=== Information provided ===
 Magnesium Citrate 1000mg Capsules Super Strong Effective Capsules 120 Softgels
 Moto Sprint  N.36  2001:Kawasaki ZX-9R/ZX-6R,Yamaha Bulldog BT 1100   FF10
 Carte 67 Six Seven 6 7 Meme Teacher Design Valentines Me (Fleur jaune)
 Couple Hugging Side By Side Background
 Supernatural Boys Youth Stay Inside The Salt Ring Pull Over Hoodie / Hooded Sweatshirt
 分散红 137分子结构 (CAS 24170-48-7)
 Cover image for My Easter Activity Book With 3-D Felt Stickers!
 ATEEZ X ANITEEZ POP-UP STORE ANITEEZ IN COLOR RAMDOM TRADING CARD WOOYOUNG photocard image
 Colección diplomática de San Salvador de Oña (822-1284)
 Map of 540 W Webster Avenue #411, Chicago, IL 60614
===
=== Information provided ===
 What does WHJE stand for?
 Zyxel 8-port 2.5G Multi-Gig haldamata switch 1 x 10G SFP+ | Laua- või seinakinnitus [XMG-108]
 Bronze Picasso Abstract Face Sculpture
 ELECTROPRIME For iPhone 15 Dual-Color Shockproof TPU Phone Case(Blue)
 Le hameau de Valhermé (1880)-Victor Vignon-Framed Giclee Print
===
=== Information provided ===
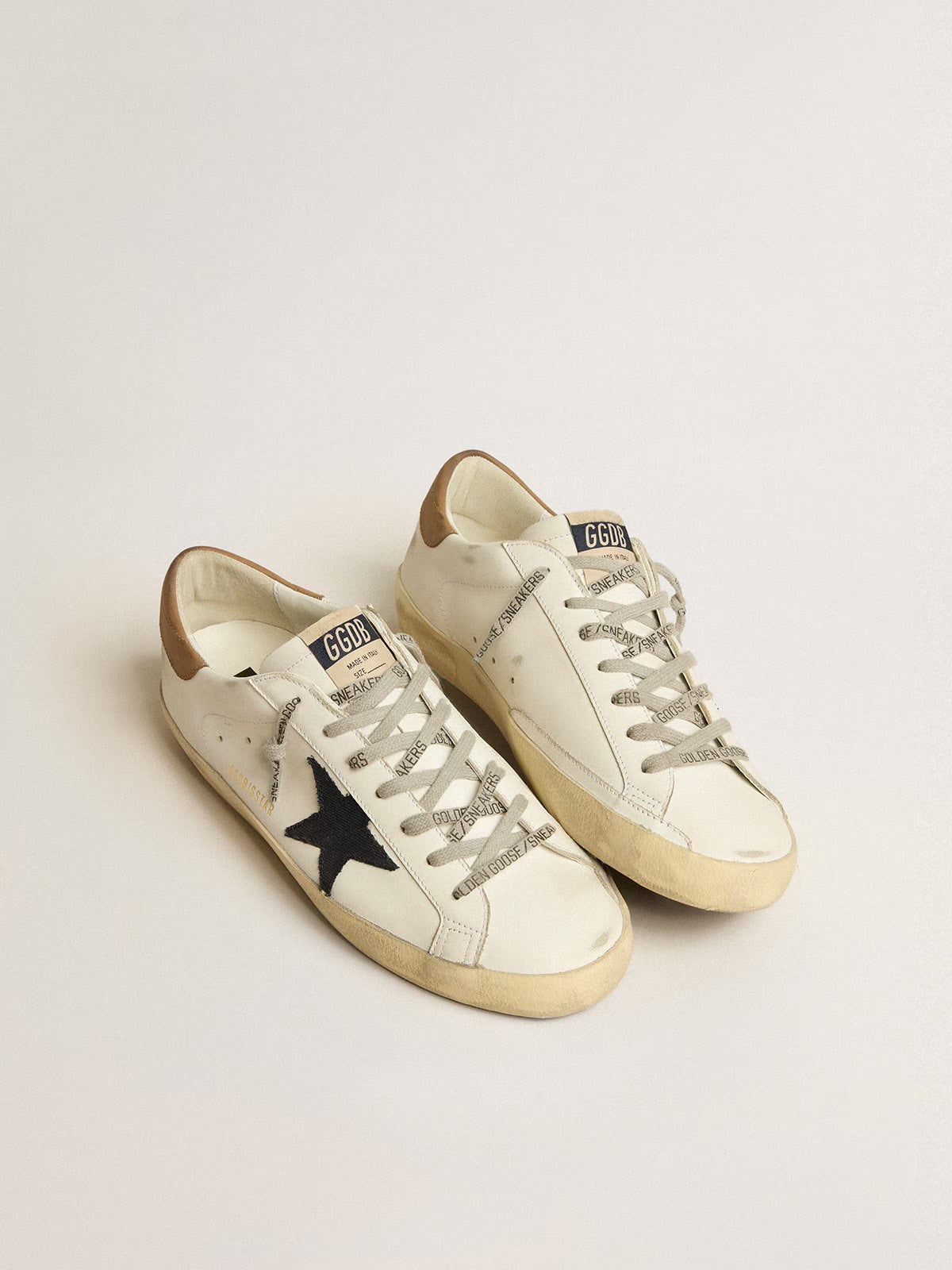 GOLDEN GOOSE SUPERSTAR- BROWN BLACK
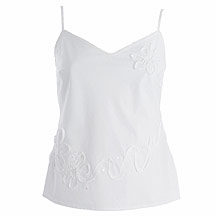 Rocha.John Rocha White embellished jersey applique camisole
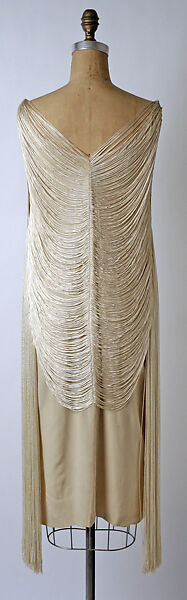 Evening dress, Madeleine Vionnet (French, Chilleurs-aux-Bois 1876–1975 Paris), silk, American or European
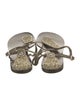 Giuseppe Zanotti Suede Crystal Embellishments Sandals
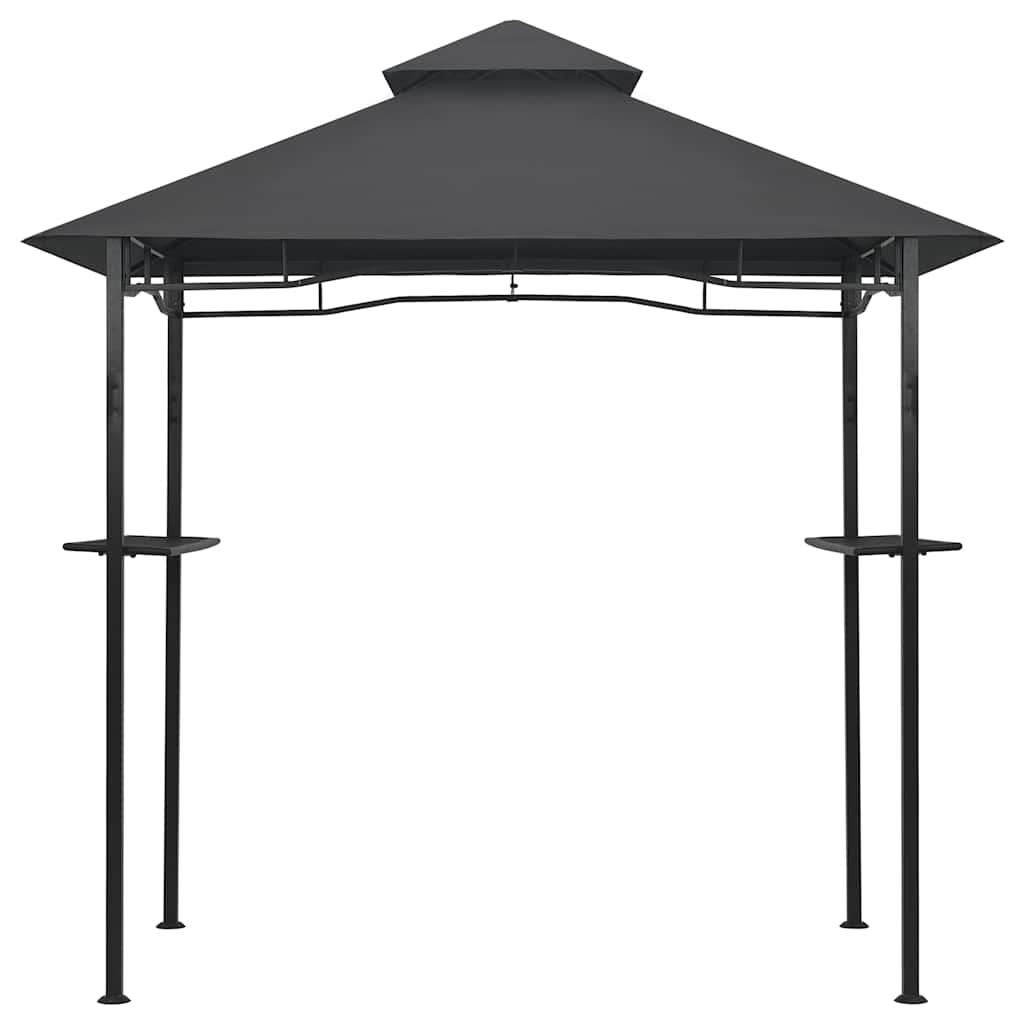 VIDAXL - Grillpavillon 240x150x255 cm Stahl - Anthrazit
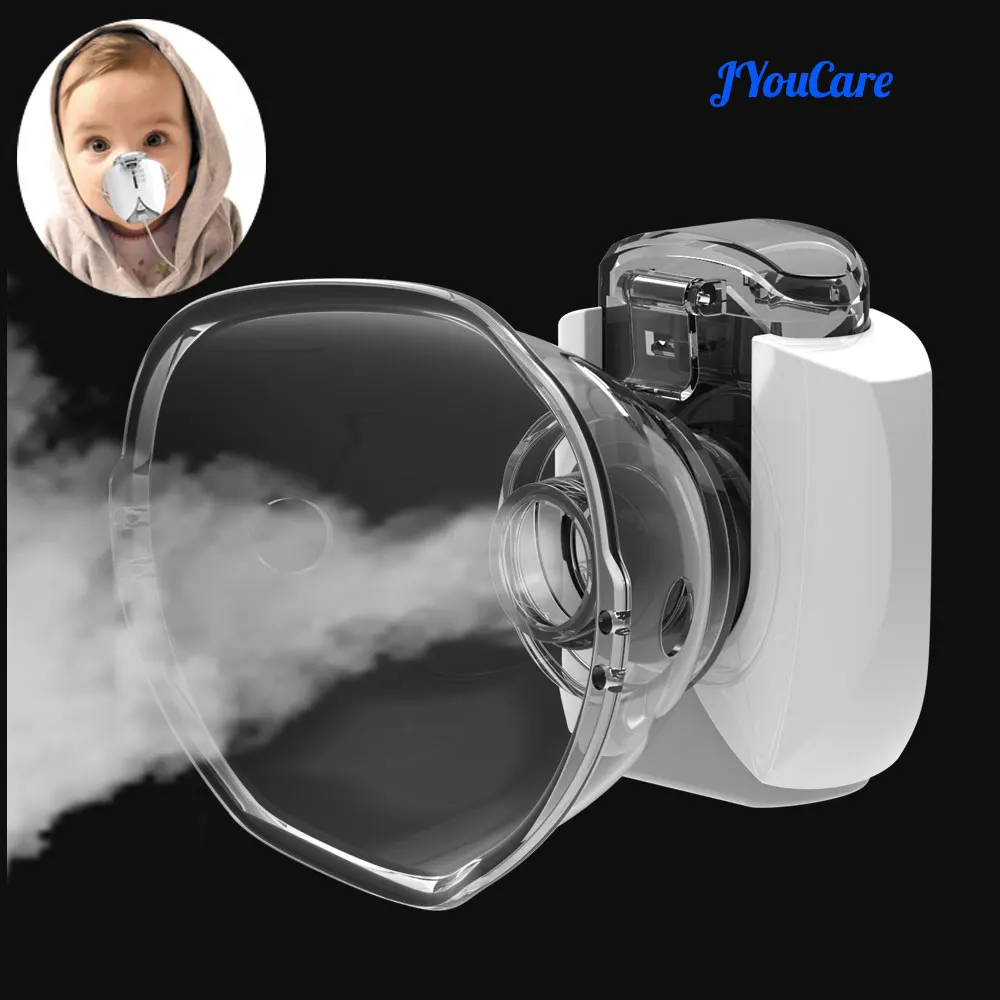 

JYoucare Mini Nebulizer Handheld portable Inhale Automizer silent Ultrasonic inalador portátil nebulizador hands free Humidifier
===
▶ [Exercise]: Could you reproduce, exactly, every line above from the line with "ELECTROPRIME For iPhone" to the line with "Le hameau de", and no other line? Both ends count.

▶ [Output of the task]:
 ELECTROPRIME For iPhone 15 Dual-Color Shockproof TPU Phone Case(Blue)
 Le hameau de Valhermé (1880)-Victor Vignon-Framed Giclee Print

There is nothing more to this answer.